Thanks for the warm welcome!

And I can definitely get on board with that point of view with the scalping approach ☺ I am still getting my mowing habits tuned in since it's only my 2nd season I'm this yard. I figure worse case I'll pay the price with a yellow yard for a while and need a few extra waterings.


----------



## Greendoc (Mar 24, 2018)

First thing you do is change your mower. Contrary to what people have been told, ideal height of cut on Zeon and most other Zoysia varieties is 0.75 or lower. That is maintenance height not a scalp. If the Honda mower you are referring to is not some kind of reel, lowest you can go without damaging the grass is 2.0". Rotary mowers are for cool season grasses and St Augustine. Then again, I know @wardconnor maintains a cool season lawn at or near 0.5".


----------



## jayhawk (Apr 18, 2017)

Good to see more of the 'kbg of warm season' grass. Mostly full sun or ? Are you managing fert n squirt or someone doing that?


----------



## raymond (May 4, 2018)

jayhawk said:


> Good to see more of the 'kbg of warm season' grass. Mostly full sun or ? Are you managing fert n squirt or someone doing that?

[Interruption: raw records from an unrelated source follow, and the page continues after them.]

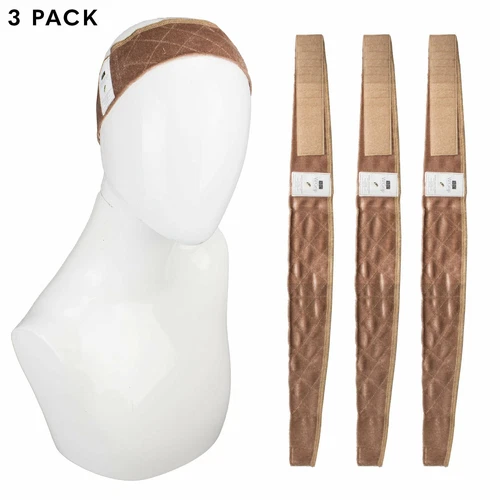 3-PACK Milano Collection ORIGINAL WiGrip Wig Comfort Band Bundle Value Pack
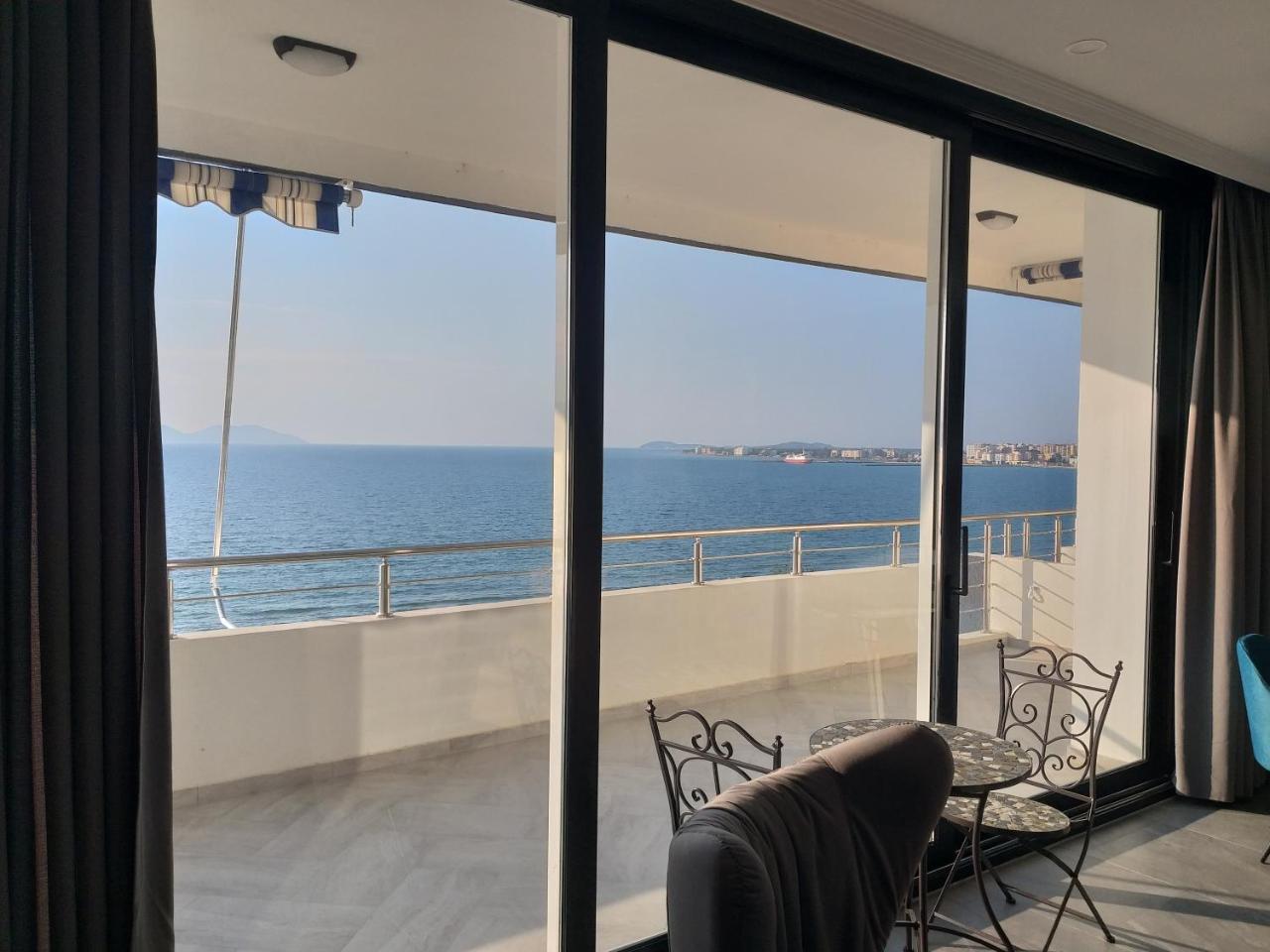 Sea Dream Apartment Vlorë Εξωτερικό φωτογραφία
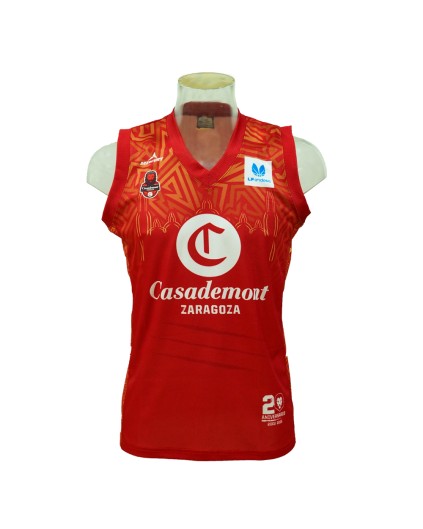 Camiseta Liga Femenina Endesa Casademont Zaragoza 22/23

Fert and squirt 😂 that's a new one. I do it all... even water with an above ground moving sprinkler. Mostly full sun. My yard is on a bit of a hill and since I have an older mower, it can be a real pain. I'm thinking of upgrading to a new mower but can't seem to get over the hump of the high expense for a reel - I do like the tri-cut mowers though and see you have one.


----------



## Greendoc (Mar 24, 2018)

Zeon does not look very much like or act like a typical Zoysia or warm season grass. It grows more upright, with very little runners on the surface. Having said that, it is very intolerant of scalping or rough treatment when mowing. I have seen rotary mowed Zeon decline and look bad because the excessive foliage prevented quick drying after irrigation or rain. To me, Zeon looks and acts a lot like British Fine Fescue. Difference is, that Zeon thrives on sun and heat.


----------